Many PE firms now treat ESG topics as worthy of the same attention as any other important business priority. They realize that, while today ESG may not have the same bottom line impact as other business issues, it will very shortly. Given that we expect private equity assets to increase 30-40% worldwide over the next five years, ESG’s importance in their portfolio company’s operations will only go up.
Even if some PE firms haven’t yet focused on ESG, they should—because their limited partners are. Limited partners are likely looking beyond the acquisition due-diligence phase of a potential investment to how portfolio companies address equity and sustainability. They’re asking questions, and they’re not settling for superficial answers. PE firms should be prepared to respond.
The broader business community is likely coalescing around what ESG means, specifically. The way we see it, ESG goes beyond issues such as climate change and socially responsible investing. It includes issues such as diversity, labor policy, product safety, environmental and corporate impacts on the communities where companies operate, and security of the data they are entrusted with. It also covers governance issues such as executive compensation and corporate ethics.
Even if you are skeptical about ESG, we have seen real success across a host of companies that focus on the broader stakeholder group, and not just shareholders. It's a profitability issue, and as time goes on, it may become a bigger issue for every portfolio company, regardless of industry or ESG topic.
Private equity firms are in a particularly strong position to help drive change, and we have seen several initiatives that leading firms are rolling out to help meet the demands of the broader market:
Some firms are going as far as encouraging portfolio company boards to have oversight to help shape sustainable practices. This includes identifying factors with significant impact on the company’s sustainability, while simultaneously managing costs. Examples might include managing consumption to save on energy bills, addressing health and workplace safety issues to lower the frequency and severity of safety incidents, identifying sources of potential fraud and cyber risk, and engaging directly with the workforce to help find what ESG priorities are important to them.

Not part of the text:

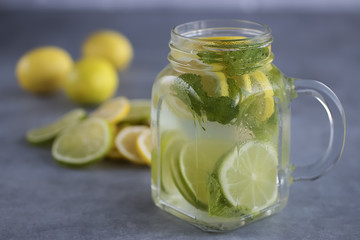 Refreshing lemonade with lemon and lime slices and mint leaves in a glass mug on a gray background.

However you look at it, having a well-defined ESG strategy is likely driving both real value and real differentiation in the market. In short, this is no longer an option, especially in the fight for assets under management. It's good for the world—and it’s good for your portfolio company’s bottom line.
While we likely expect an eventual consolidation of ESG reporting standards, for now you face any number of frameworks that may or may not fit your needs. You don’t need to manage all this on your own. There’s been an explosion of resources you can turn to for help, including the CEO Investor Forum, which includes PwC. You should consider strategies that incorporate portfolio companies as part of the solution—and help show investors the impact of their capital stewardship. Every ESG journey will likely be different, but inaction is a value-losing proposition.
1. Clint Proctor, “Impact investing finances companies that aim to do good in the world—here's how it works and how to get involved,” Business Insider, January 15, 2021, accessed via Factiva, January 26, 2021.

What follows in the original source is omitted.